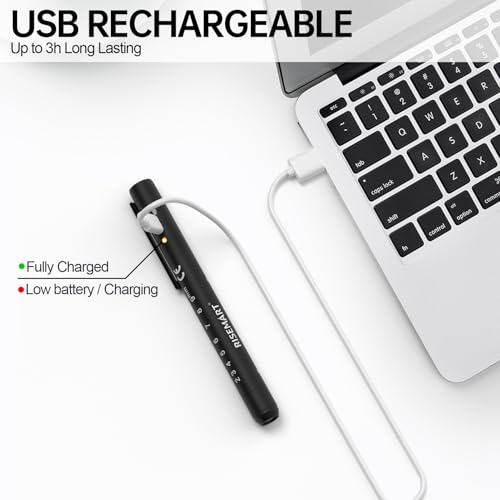 Image of Rechargeable Pen Light for Nurse, 2Packs Rechargeable LED Medical Pen Light, Warm&Cool White Light, Portable Medical PenLight for Nurse, Doctor, First Aid, EMT, Nursing,Nursing Student Black1+Silver1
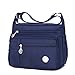 Waterproof Nylon Shoulder Crossbody Bags - Adjustable Shoulder Strap Handbag Multiple Zippered Elastic Pockets with Organizer fors Wallet, Passport, Boarding Pass, Water Resistant ( Navy Blue, ,Large)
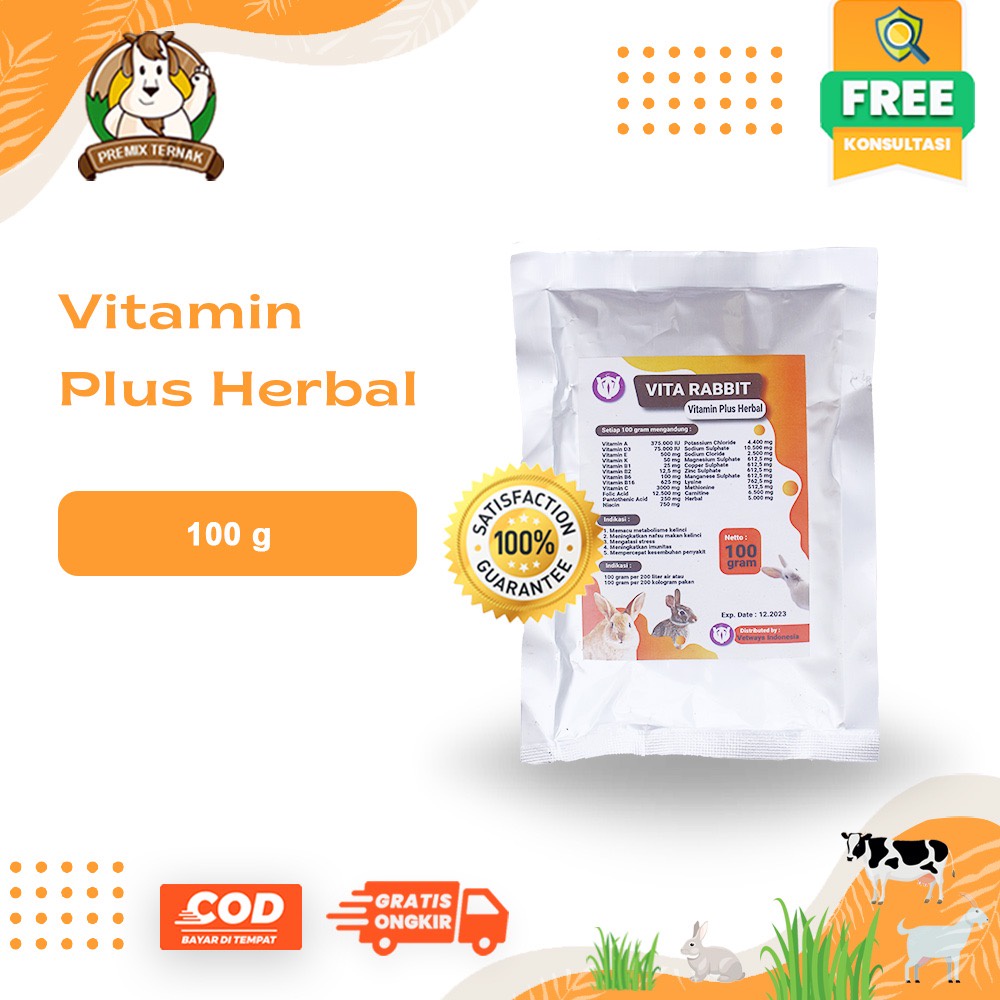 VITA RABBIT | VITAMIN PLUS HERBAL UNTUK KELINCI 100gr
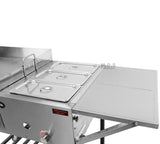 Ematik Taco Cart Food Catering Stainless Steel 24" Steel Griddle Plancha with 3 Steamers Tray Pans Plus Side Table and Bottom Storage Rack High Pressure Propane Gas Hose and Regulator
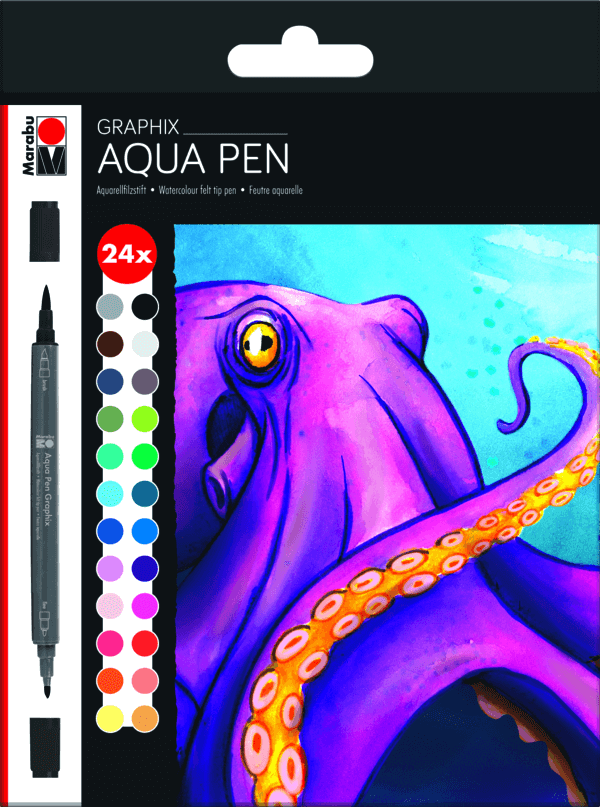 Levně Akvarelové popisovače Marabu Graphix Octopy sada 24 ks
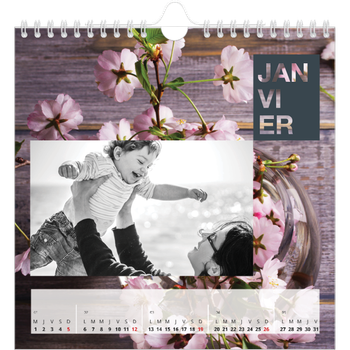 Calendrier photo carré — Superposition florale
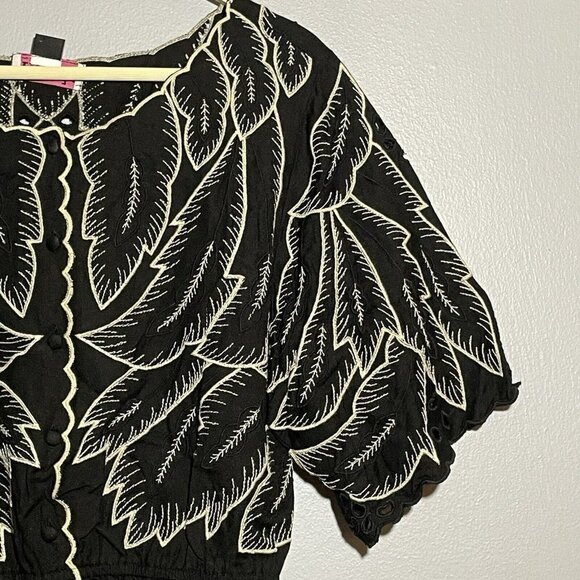 Anthropologie Maple Odd Rubies Blouse Women Sz 8 Black Embroidery Leaf Wide Boho - Picture 3 of 12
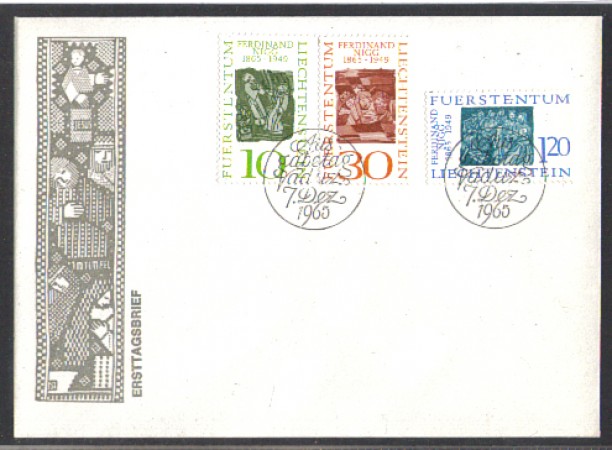 1965 - LBF/4115 - LIECHTENSTEIN - PITTORE  FERDINAND NIGG - BUSTA FDC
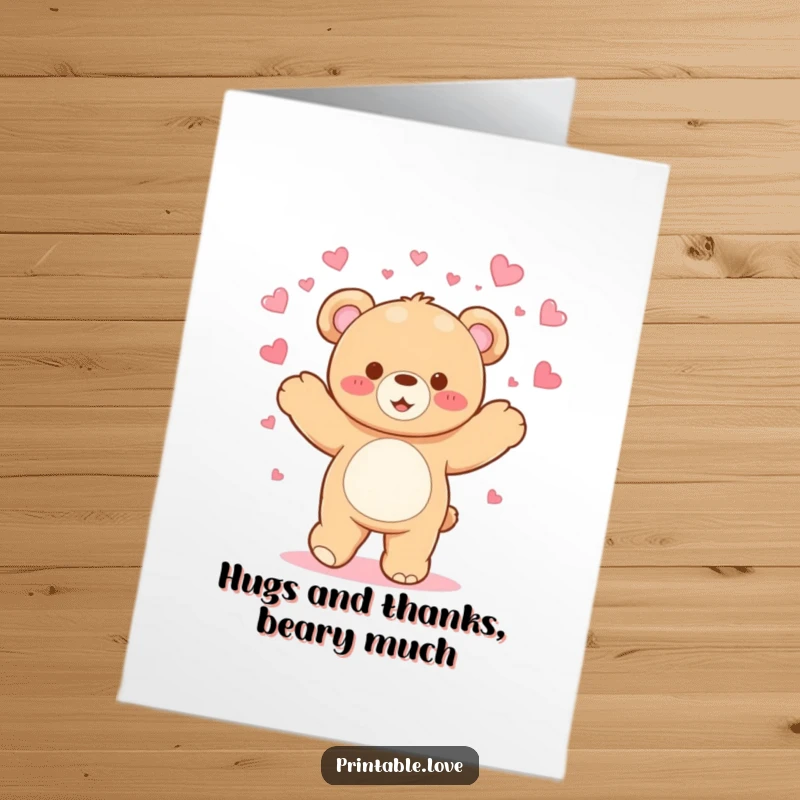 Funny Free Printable Thank You Card: Kawaii teddy bear dancing, showering hearts with gratitude and joy.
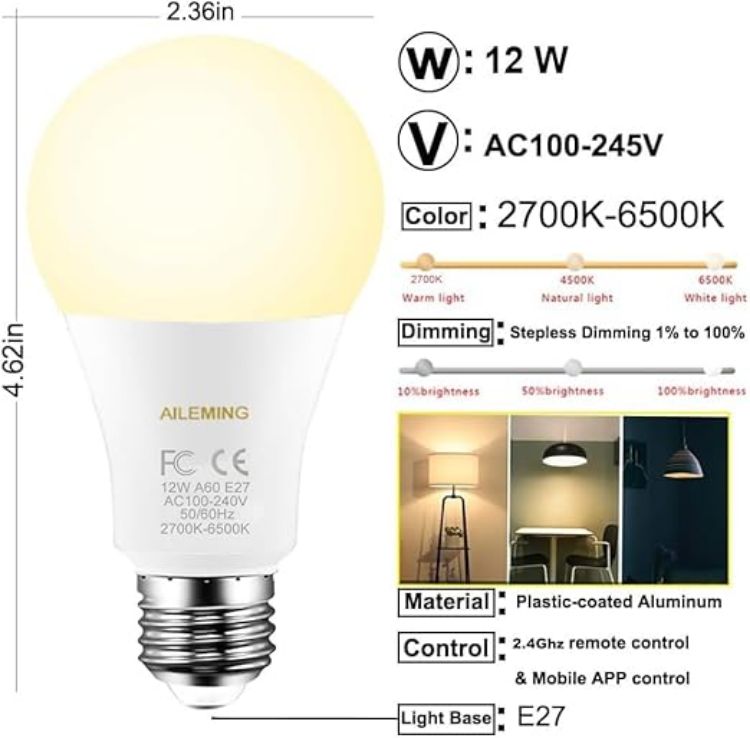 Picture of E27 Smart LED Bulb 12W 1000lm Remote Control Dimmable 2700–6500K 2 Pack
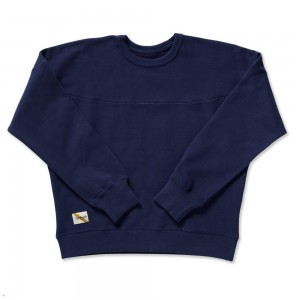 Tracksmith Trackhouse Crew Women's Sweatshirt Navy NZ | 27513UEIL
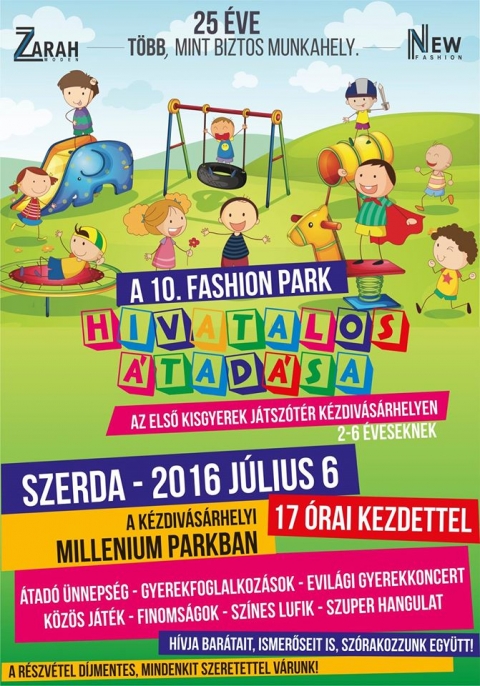 J�tsz�park �tad�s - 2016 j�lius 6-�n a a Millenium parkban, J�tsz�park �tad�sra ker�l sor 17 �rai kezdettel. 

�tad� �nneps�g
Gyerekfoglalkoz�sok
Evil�gi gyerekkoncert
K�z�s j�t�k
Finoms�gok
Sz�nes Lufik
Szuper hangulat


Mindenkit szeretettel v�runk!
──────────
■ THE PROBLEM
All lines from the one with "Levně Akvarelové popisovače" through the end of the records above must be reproduced exactly, both ends included, and the pictures must be left out.

■ ANSWER BELOW
 Levně Akvarelové popisovače Marabu Graphix Octopy sada 24 ks
 Calendrier photo carré — Superposition florale
 Anthropologie Maple Odd Rubies Blouse Women Sz 8 Black Embroidery Leaf Wide Boho - Picture 3 of 12
 1965 - LBF/4115 - LIECHTENSTEIN - PITTORE  FERDINAND NIGG - BUSTA FDC
 Funny Free Printable Thank You Card: Kawaii teddy bear dancing, showering hearts with gratitude and joy.
 Picture of E27 Smart LED Bulb 12W 1000lm Remote Control Dimmable 2700–6500K 2 Pack
 Tracksmith Trackhouse Crew Women's Sweatshirt Navy NZ | 27513UEIL
 J�tsz�park �tad�s - 2016 j�lius 6-�n a a Millenium parkban, J�tsz�park �tad�sra ker�l sor 17 �rai kezdettel. 

�tad� �nneps�g
Gyerekfoglalkoz�sok
Evil�gi gyerekkoncert
K�z�s j�t�k
Finoms�gok
Sz�nes Lufik
Szuper hangulat


Mindenkit szeretettel v�runk!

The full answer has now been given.